→ **EXCERPTED RECORDS**
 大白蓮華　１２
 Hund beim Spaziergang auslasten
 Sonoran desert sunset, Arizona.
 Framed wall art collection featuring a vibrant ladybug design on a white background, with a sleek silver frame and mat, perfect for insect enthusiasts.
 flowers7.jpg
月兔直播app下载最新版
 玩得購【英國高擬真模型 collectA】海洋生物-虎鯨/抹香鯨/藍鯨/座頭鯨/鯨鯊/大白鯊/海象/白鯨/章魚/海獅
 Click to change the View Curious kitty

...

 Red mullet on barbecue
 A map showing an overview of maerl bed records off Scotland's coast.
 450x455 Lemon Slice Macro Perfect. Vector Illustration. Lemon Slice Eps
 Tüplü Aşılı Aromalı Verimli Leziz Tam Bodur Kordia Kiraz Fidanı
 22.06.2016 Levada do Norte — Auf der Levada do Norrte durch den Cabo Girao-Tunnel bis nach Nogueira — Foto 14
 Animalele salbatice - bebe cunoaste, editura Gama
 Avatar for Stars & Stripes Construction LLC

→ **EXERCISE DESCRIPTION**
Above are some lines. Repeat exactly, and only, those from the line that has "Tüplü Aşılı Aromalı" through the line that has "Avatar for Stars & Stripes Construction LLC".

→ **TASK ANSWER**
 Tüplü Aşılı Aromalı Verimli Leziz Tam Bodur Kordia Kiraz Fidanı
 22.06.2016 Levada do Norte — Auf der Levada do Norrte durch den Cabo Girao-Tunnel bis nach Nogueira — Foto 14
 Animalele salbatice - bebe cunoaste, editura Gama
 Avatar for Stars & Stripes Construction LLC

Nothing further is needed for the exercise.